Some modifications were made in the present experiment: the samples were clamped with a free-clamping length of 60 mm. A Vic-2D 2010 measurement system (Correlated Solutions Inc.; USA) was set up in front of an Istron 3367 testing machine (Instron Cooperation, USA).

The universal testing machine was manipulated to load slowly and stop for 3 seconds to capture images of the areas of interest at an interval of 0.1 MPa shear stress. The stretch ended when the nominal shear stress reached 5.0 MPa; thus, the camera captured 50 images.

The system performed stepwise correlation analyses for all 50 images. However, only shear strains of 5.0 MPa were included in the analysis, with the underformed state used as a reference image. Post-processing of the strain was conducted using Vic-2D 2010 software, which can give the displacements of the surface and the corresponding strains εxx, εyy, and εxy. Grayscale maps were depicted with Origin8.0 software using the strain values from Vic-2D 2010.

Shear strength test

To investigate the influence of sealing treatments on the specimen’s mechanical properties, shear tensile tests were performed. The samples were sawn to the dimensions required by DIN EN 302-1-2004 (150 mm × 20 mm × 10 mm). However, because the 5 mm-thick veneer is not generally produced by peeling method, a 3 mm-thick veneer was used instead, resulting in final dimensions of 150 mm × 20 mm × 6 mm. A shear strength test was conducted using the universal testing machine with a loading speed of 2.5 mm/min. The samples for dry state testing were subjected to procedure A1, which entailed a 7-day modulation in standard atmosphere. Meanwhile, the samples for wet state testing were subjected to procedure A4, which involved 6 h of soaking in boiling water, followed by 2 h of soaking in water at 20±5 ˚C. Ten replicates were prepared for each treatment.

RESULTS AND DISCUSSION

Shear Strain Distribution on Interphase

Figures 3 and 4 indicate that under a certain load, the shear strain in the areas of interest found in all samples showed the same trend. Along the bond line, the strain was noticeably concentrated at the ends of the overlap area, while it became gradually smaller towards the middle section of the overlap region. Along the vertical direction to the glue line, highly strained zones were observed very close to the bond line (< 1 mm); also, wood substrates had lower shear strain values.

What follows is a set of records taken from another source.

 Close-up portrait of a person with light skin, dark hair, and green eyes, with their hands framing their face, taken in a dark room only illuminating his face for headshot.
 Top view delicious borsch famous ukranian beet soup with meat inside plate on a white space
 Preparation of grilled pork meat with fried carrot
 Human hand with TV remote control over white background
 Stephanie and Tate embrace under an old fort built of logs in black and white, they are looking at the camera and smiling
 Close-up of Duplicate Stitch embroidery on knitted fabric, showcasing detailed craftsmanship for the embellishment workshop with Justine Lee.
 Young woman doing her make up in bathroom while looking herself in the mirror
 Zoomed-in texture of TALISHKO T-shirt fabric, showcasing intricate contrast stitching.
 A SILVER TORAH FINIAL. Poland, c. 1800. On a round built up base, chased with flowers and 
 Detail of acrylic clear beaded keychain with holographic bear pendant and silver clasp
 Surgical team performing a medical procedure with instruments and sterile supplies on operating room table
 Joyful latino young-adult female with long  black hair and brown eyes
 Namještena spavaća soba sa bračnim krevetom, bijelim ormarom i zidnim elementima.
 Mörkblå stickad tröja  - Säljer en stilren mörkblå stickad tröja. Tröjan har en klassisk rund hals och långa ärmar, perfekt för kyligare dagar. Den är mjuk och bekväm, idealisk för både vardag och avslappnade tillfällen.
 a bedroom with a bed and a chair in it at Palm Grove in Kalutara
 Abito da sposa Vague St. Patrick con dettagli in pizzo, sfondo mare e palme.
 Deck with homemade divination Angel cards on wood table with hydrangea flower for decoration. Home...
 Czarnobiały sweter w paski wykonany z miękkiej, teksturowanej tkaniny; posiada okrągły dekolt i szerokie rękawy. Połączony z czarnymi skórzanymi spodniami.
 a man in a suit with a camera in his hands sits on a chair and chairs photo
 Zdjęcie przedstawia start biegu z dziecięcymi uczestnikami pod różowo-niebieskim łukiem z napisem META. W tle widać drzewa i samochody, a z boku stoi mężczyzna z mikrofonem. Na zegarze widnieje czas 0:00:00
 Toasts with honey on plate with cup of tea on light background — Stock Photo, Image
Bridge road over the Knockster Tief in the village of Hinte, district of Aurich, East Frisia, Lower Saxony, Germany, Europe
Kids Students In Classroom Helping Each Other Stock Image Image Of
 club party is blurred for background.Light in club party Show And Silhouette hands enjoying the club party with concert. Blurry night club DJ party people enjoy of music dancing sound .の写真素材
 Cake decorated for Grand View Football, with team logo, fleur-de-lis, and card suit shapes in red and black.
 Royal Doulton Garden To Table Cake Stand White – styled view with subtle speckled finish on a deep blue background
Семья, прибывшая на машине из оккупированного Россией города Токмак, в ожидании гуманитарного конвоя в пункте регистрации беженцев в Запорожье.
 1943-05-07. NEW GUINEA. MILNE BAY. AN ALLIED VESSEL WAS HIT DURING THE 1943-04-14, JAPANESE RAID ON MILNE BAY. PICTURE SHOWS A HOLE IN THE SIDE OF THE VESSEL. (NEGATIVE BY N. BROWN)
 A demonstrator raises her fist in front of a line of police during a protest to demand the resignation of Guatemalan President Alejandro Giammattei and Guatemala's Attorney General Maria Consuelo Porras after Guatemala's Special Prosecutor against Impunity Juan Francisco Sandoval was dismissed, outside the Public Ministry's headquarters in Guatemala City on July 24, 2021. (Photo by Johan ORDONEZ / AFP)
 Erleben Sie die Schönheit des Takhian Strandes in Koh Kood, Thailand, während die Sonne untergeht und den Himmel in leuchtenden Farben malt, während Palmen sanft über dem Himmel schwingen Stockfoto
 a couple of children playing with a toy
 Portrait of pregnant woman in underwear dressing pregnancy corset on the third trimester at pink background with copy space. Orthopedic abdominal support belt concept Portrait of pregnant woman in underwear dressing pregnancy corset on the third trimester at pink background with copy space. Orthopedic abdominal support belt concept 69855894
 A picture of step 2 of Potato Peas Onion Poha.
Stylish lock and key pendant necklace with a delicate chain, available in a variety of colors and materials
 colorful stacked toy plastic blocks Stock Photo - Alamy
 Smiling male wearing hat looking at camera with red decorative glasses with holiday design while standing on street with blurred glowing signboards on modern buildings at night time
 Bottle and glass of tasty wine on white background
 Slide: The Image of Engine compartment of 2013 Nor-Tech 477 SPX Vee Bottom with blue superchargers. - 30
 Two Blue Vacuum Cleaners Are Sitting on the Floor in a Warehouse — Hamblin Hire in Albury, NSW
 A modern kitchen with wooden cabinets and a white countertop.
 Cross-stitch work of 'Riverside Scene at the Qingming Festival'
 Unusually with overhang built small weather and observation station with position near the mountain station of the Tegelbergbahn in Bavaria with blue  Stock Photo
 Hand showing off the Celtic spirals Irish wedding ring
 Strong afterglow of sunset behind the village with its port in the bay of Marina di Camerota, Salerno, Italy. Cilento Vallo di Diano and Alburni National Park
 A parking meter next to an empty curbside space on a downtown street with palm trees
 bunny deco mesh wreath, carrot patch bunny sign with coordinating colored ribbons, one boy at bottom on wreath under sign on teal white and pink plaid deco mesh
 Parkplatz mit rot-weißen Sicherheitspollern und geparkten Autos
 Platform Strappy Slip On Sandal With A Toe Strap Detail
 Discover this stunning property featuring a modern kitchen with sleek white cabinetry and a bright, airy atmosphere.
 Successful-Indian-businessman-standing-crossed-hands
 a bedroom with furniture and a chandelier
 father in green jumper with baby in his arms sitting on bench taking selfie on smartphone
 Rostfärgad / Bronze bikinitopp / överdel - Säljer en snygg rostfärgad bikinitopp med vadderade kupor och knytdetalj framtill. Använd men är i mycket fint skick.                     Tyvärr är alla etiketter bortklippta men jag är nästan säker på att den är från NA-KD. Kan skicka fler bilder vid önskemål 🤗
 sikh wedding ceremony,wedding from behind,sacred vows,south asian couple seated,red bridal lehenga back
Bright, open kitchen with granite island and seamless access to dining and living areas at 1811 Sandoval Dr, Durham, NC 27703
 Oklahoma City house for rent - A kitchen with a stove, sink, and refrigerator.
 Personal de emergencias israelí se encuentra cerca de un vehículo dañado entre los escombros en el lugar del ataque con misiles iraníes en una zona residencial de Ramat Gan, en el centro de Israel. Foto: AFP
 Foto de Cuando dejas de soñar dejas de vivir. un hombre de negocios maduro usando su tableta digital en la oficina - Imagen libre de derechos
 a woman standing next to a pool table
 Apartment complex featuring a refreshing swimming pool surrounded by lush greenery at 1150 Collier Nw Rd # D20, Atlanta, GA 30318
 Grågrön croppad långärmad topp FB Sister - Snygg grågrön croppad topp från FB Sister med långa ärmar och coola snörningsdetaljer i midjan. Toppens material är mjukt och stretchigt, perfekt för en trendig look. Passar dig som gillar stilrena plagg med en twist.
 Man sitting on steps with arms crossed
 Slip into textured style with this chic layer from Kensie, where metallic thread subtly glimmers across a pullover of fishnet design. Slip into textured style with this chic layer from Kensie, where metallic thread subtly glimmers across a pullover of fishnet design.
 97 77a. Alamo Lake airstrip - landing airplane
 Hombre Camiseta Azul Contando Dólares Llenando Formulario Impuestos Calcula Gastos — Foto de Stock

Fig. 3. Shear strain distribution at the interested areas of (a) unsealed samples, (b) samples sealed with gelatinized starch, (c) samples sealed with, gelatinized starch/wood flour mixture, and (d) samples sealed with soy-protein adhesive. The scale bars indicate strains multiplied by 10-3; the white dotted lines denote the glue lines

Fig. 4. Shear strain measured along the glue line of specimens with shear strength of 5.0 MPa

Table 2. Statistical Analysis of Strain Distribution along the Bond Line of Specimens

Overall, the average shear strain in unsealed specimens (Fig. 3a) in the areas of interest was larger than that of the sealed specimens (Figs. 3b, 3c, 3d). Since strain concentration is generated at the ends of the overlap area caused by external loading, strain values between 2 and 8 in the x direction along a bond line (Fig. 4) were used for statistical analysis. As indicated in Table 2, unsealed samples had a strain value between 1.27×10-3 and 2.86×10-3 in the overlap region; however, sealed samples had a strain value between 0.29×10-3(SPAmin) and 2.70×10-3 (GSmax) in the same area. This may be because when lathe checks are present, PF can penetrate excessively into the veneer, leaving the bulk adhesive without enough resin to form a strong bridge with the substrate (Frihart 2005) and thus generating higher strain ranges in the overlap area under load. Once the checks were sealed (owing to the blocking of PF over-penetration), the adhesive layer thickness was guaranteed, and its mechanical strength was enhanced; therefore, the adhesive layer did not deform easily.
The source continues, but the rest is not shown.